- Short web captions -
[Start of Attachment]
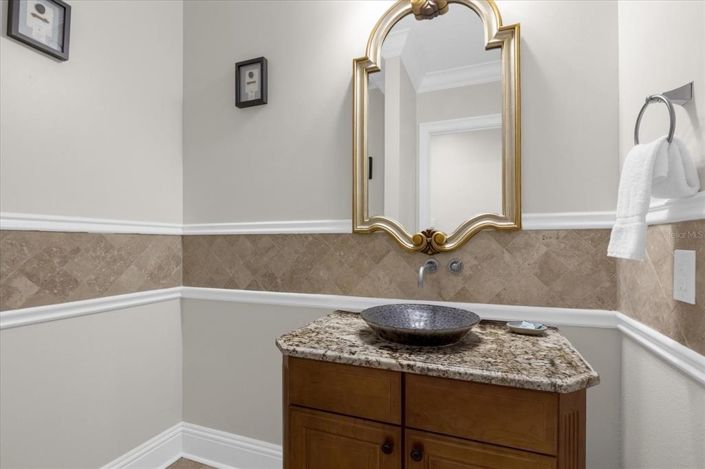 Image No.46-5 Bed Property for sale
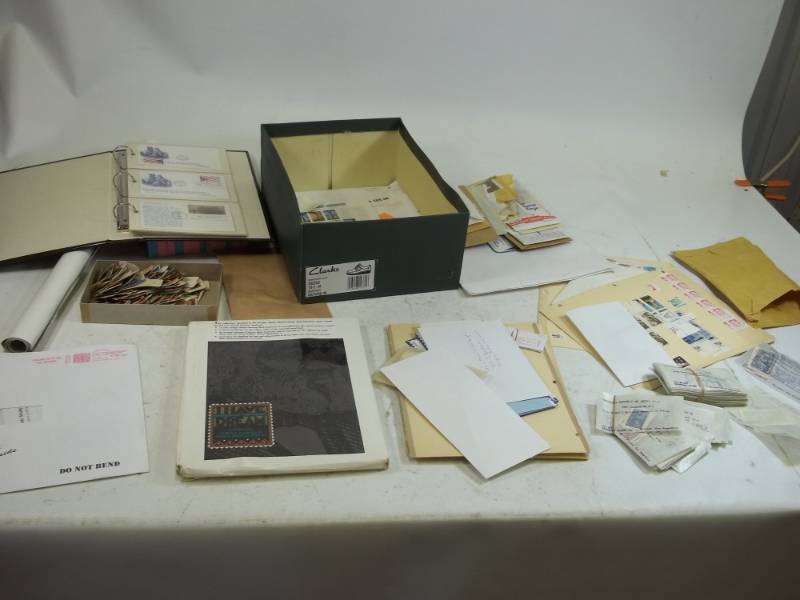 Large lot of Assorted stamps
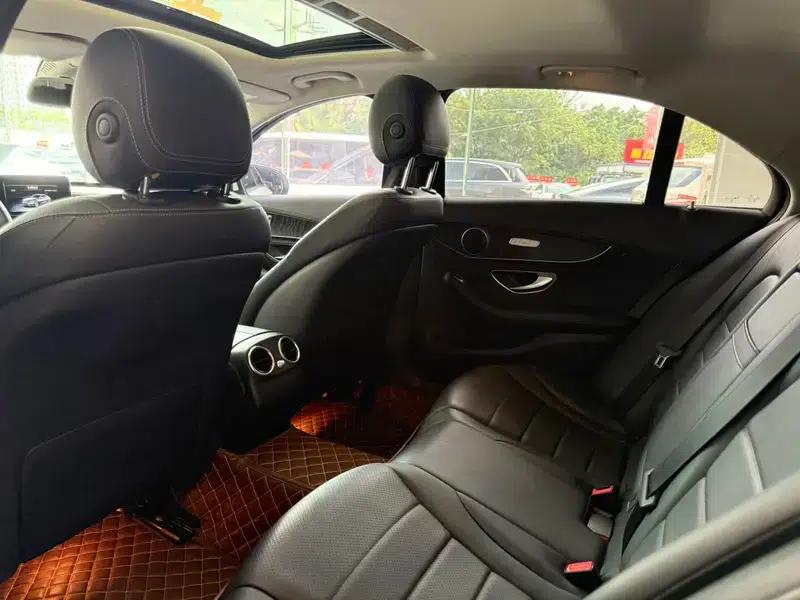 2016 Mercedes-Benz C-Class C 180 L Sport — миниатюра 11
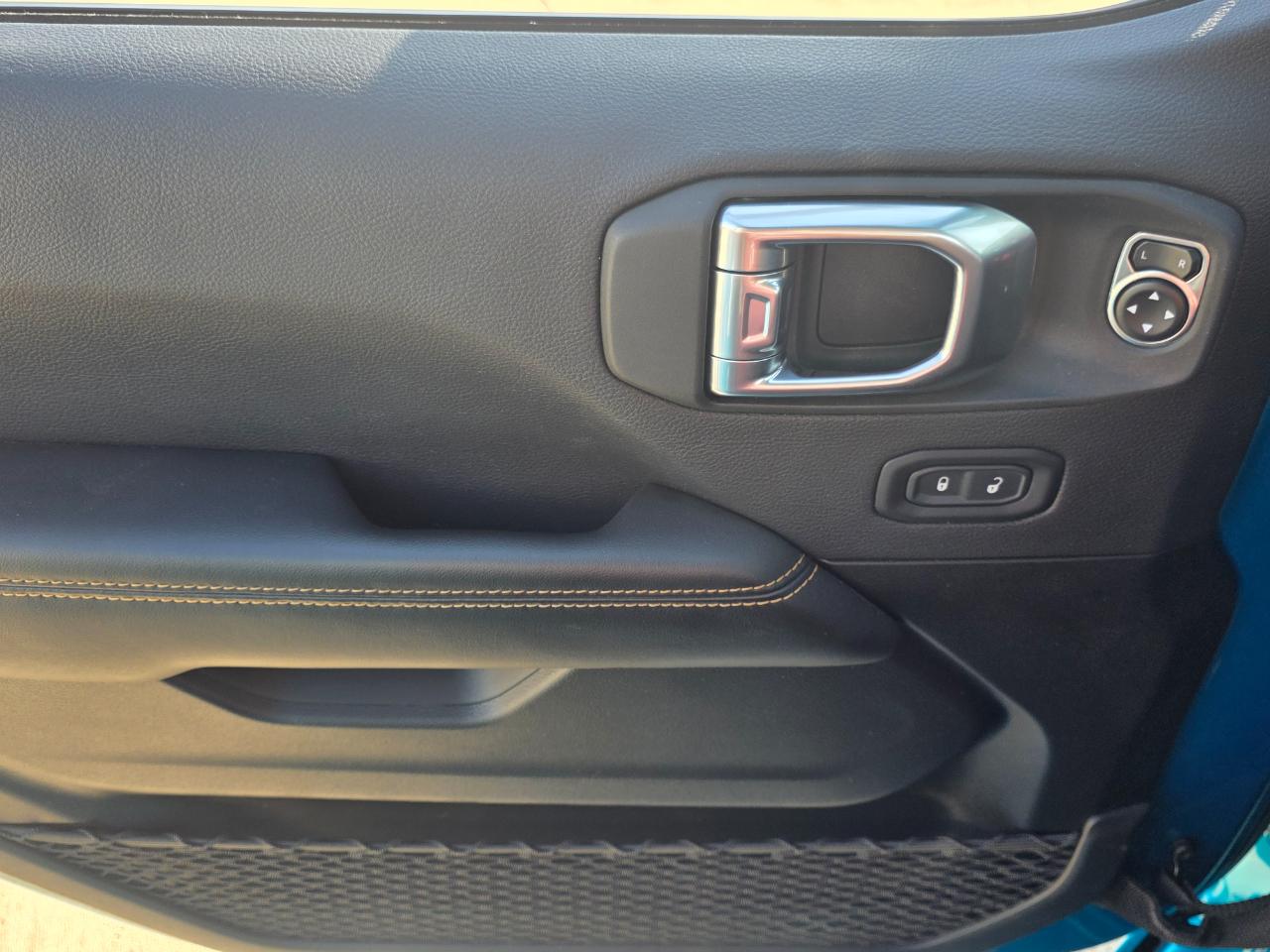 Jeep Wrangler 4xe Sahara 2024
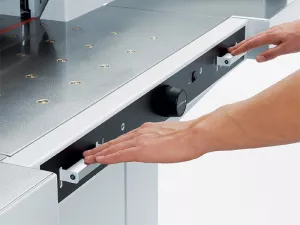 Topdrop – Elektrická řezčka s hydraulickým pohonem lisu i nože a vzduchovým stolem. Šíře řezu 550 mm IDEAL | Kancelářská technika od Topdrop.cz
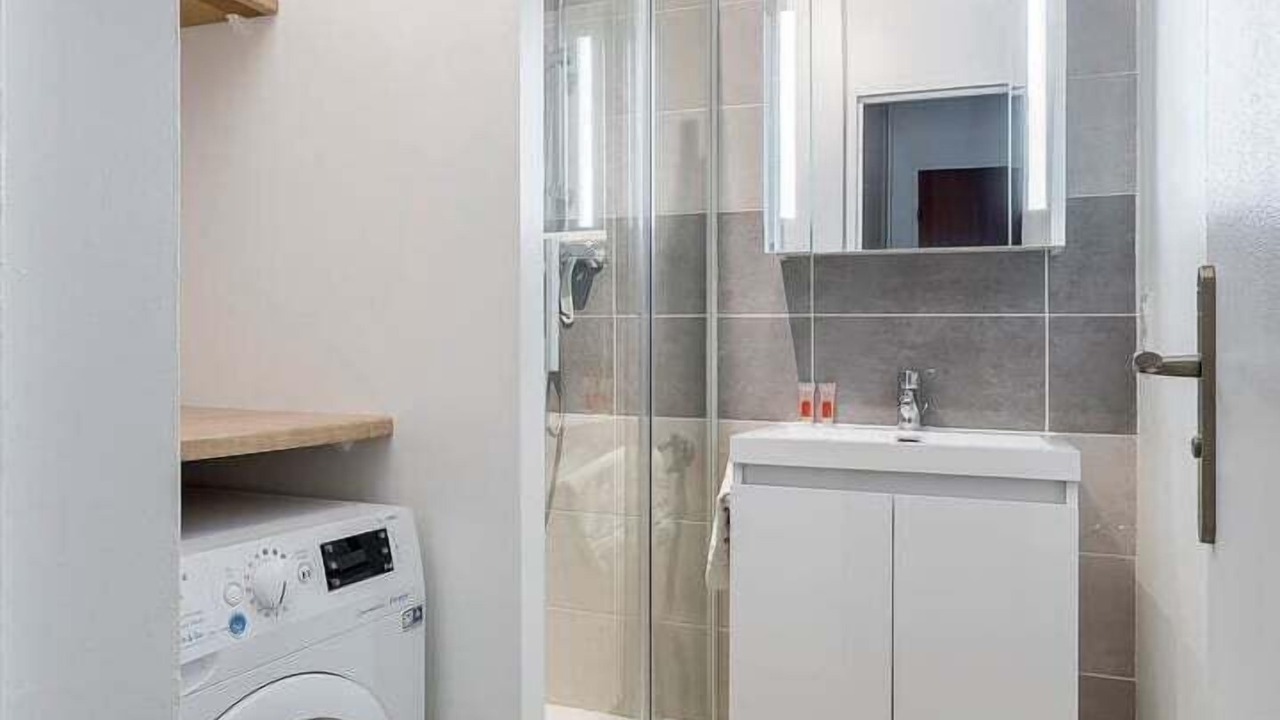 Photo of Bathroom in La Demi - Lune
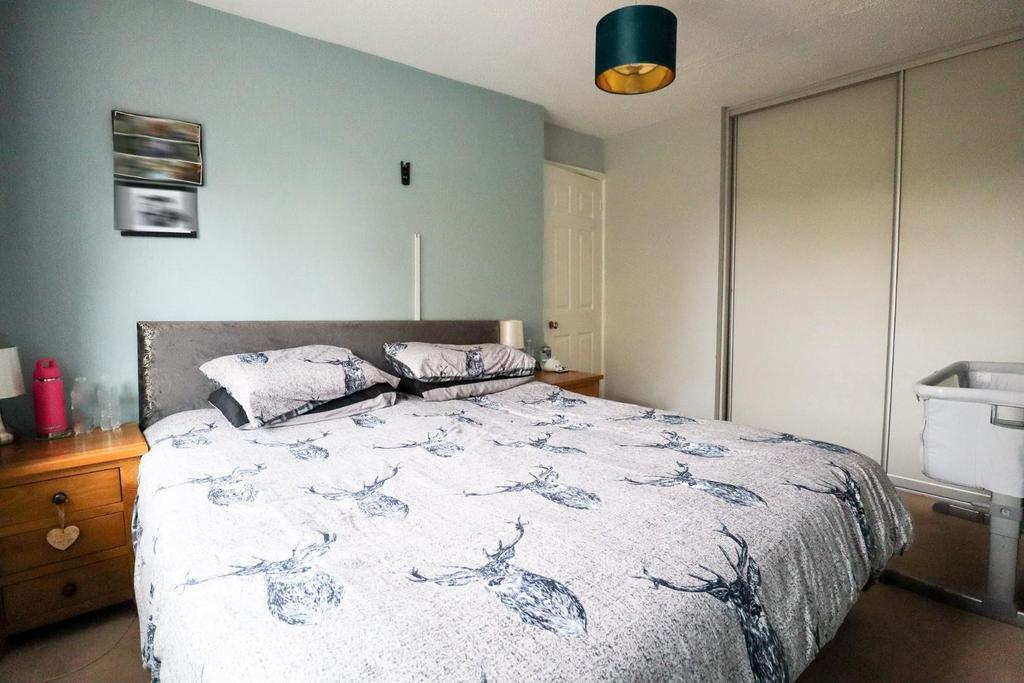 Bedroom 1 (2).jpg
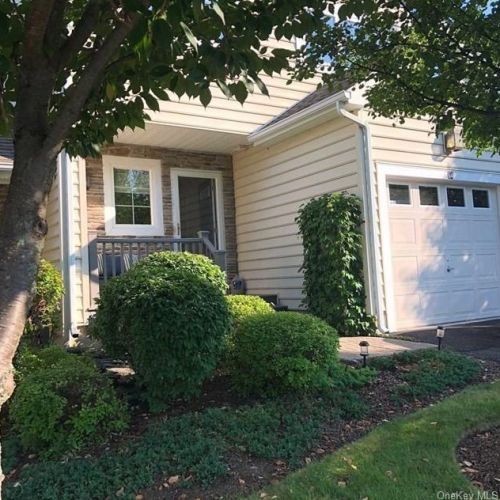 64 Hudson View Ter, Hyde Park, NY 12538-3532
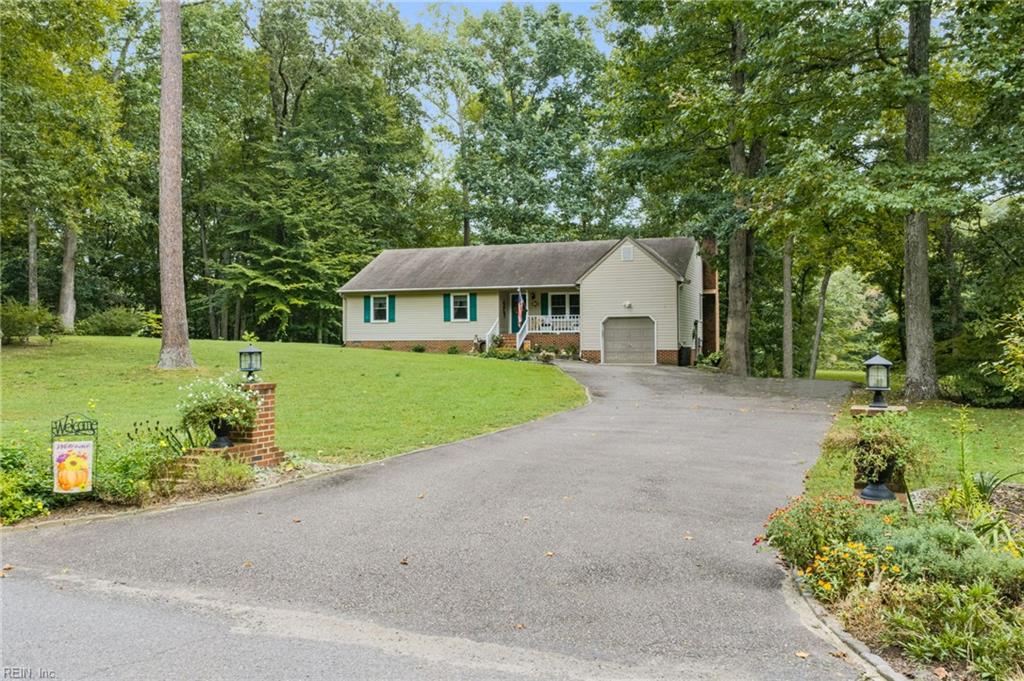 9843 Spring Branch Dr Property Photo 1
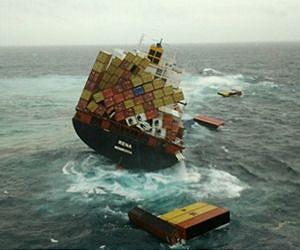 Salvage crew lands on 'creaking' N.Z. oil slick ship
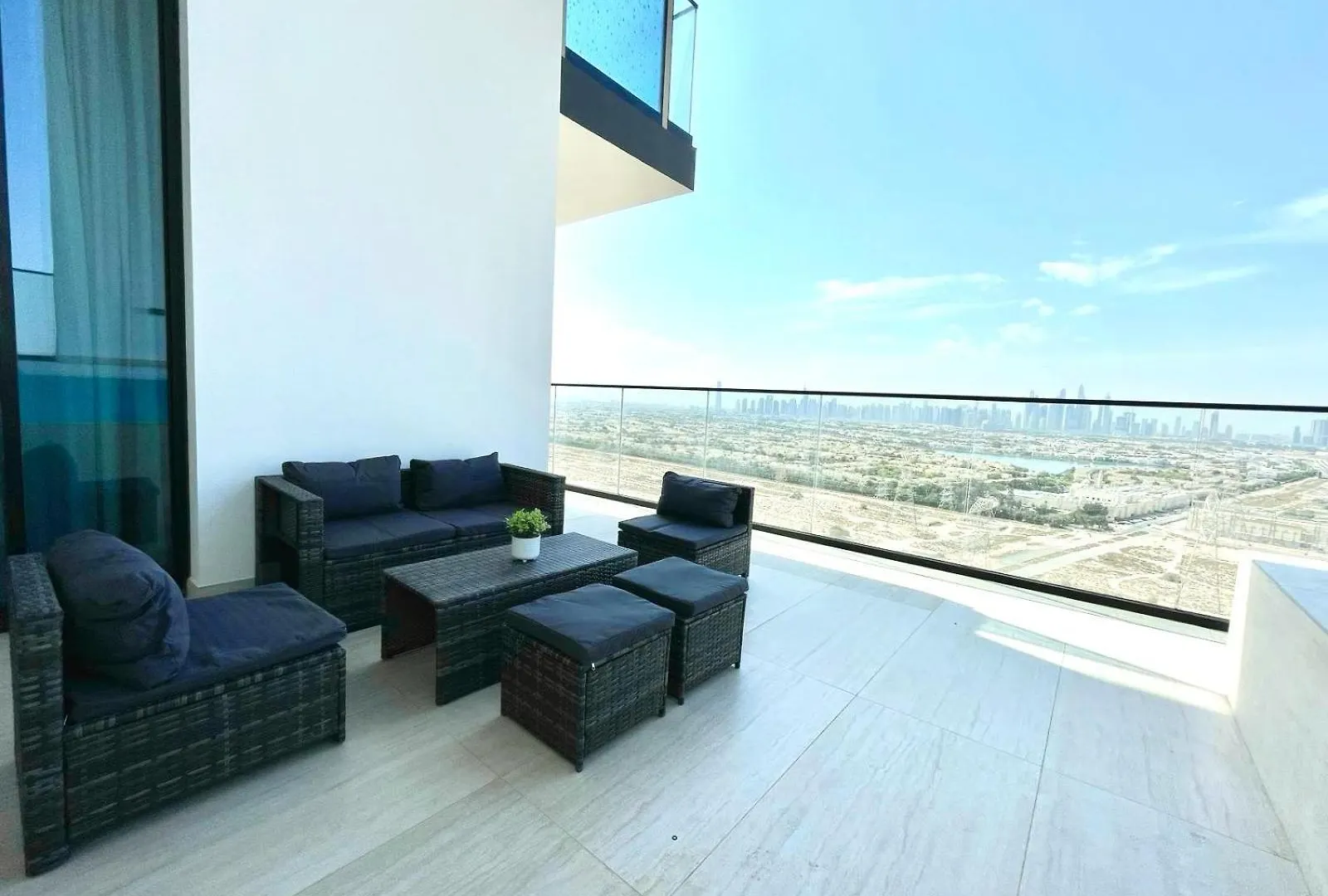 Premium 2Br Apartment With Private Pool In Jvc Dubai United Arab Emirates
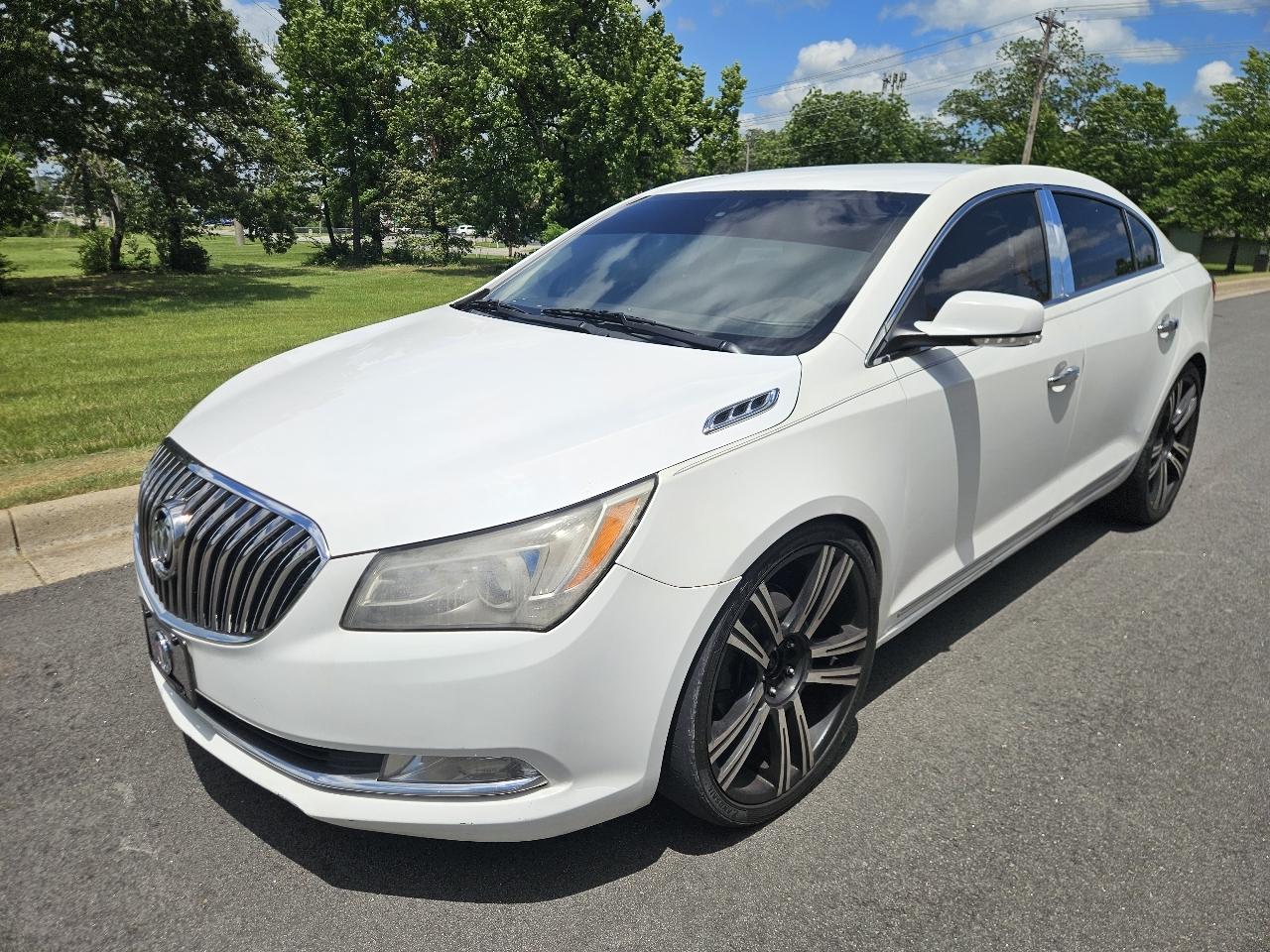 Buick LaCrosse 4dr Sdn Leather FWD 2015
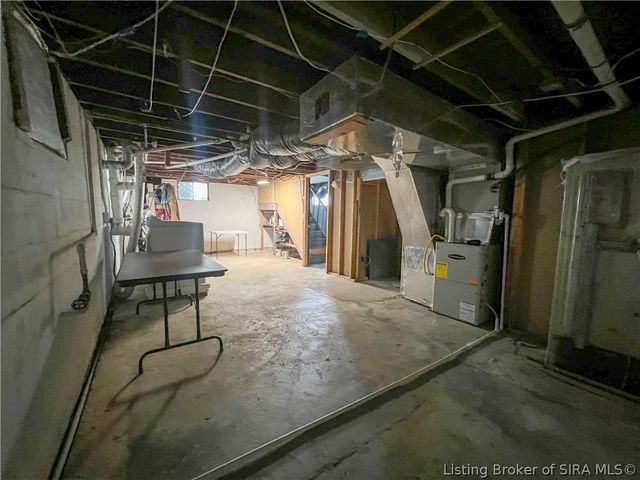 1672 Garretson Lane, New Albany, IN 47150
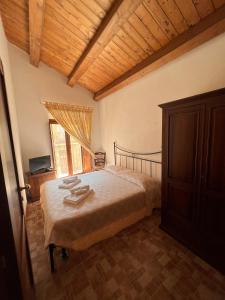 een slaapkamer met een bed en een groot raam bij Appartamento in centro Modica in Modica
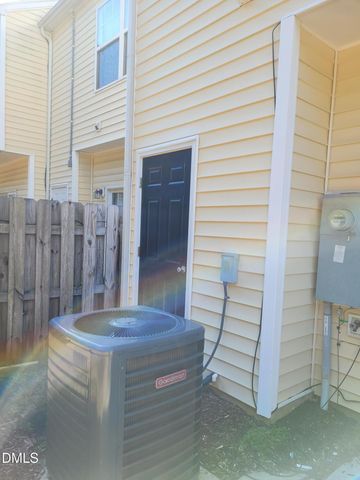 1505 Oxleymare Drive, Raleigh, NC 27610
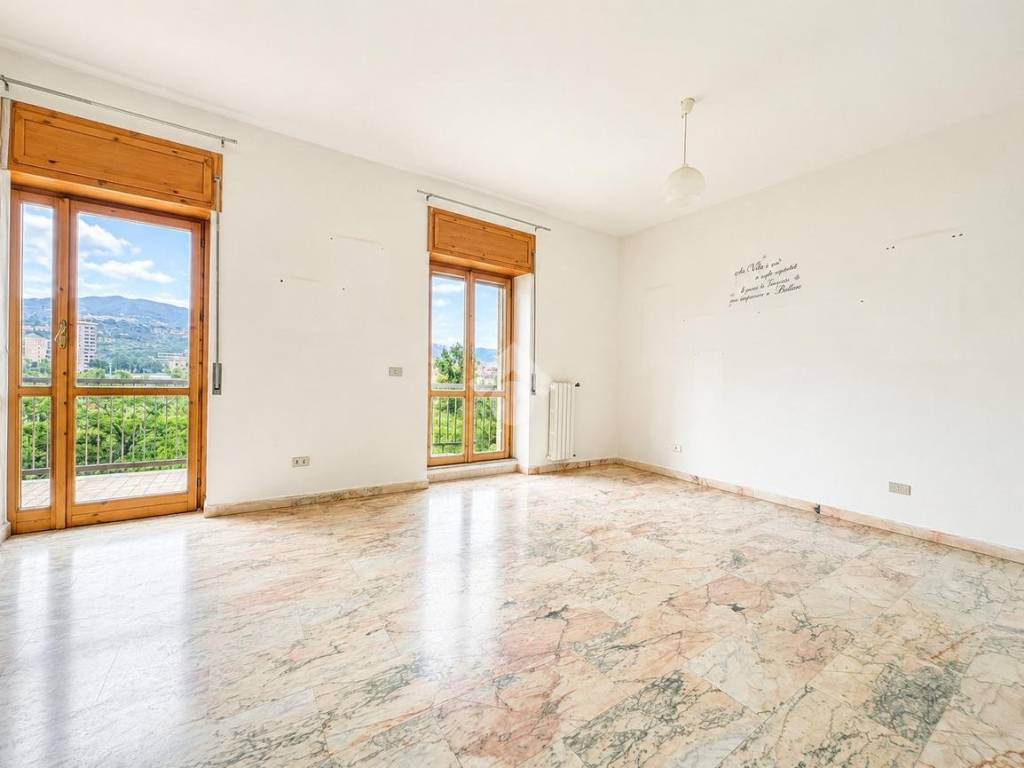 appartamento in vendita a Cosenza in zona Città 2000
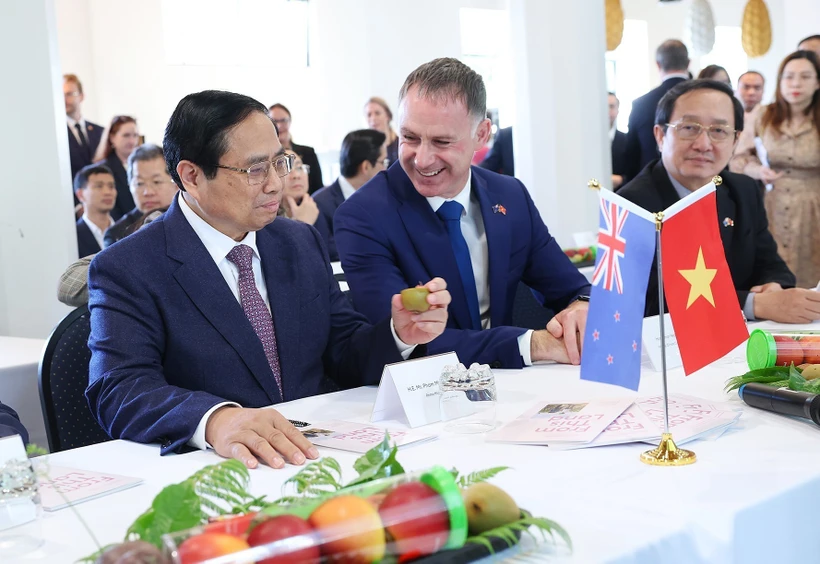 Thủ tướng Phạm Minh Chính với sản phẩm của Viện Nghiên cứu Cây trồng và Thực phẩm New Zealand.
[End of Attachment]
- WHAT TO DO -
Give an exact copy of the line containing "Bedroom 1 (2).jpg" and every line after it through the end of the entries. Pictures are to be dropped.

- EXPECTED ANSWER -
 Bedroom 1 (2).jpg
 64 Hudson View Ter, Hyde Park, NY 12538-3532
 9843 Spring Branch Dr Property Photo 1
 Salvage crew lands on 'creaking' N.Z. oil slick ship
 Premium 2Br Apartment With Private Pool In Jvc Dubai United Arab Emirates
 Buick LaCrosse 4dr Sdn Leather FWD 2015
 1672 Garretson Lane, New Albany, IN 47150
 een slaapkamer met een bed en een groot raam bij Appartamento in centro Modica in Modica
 1505 Oxleymare Drive, Raleigh, NC 27610
 appartamento in vendita a Cosenza in zona Città 2000
 Thủ tướng Phạm Minh Chính với sản phẩm của Viện Nghiên cứu Cây trồng và Thực phẩm New Zealand.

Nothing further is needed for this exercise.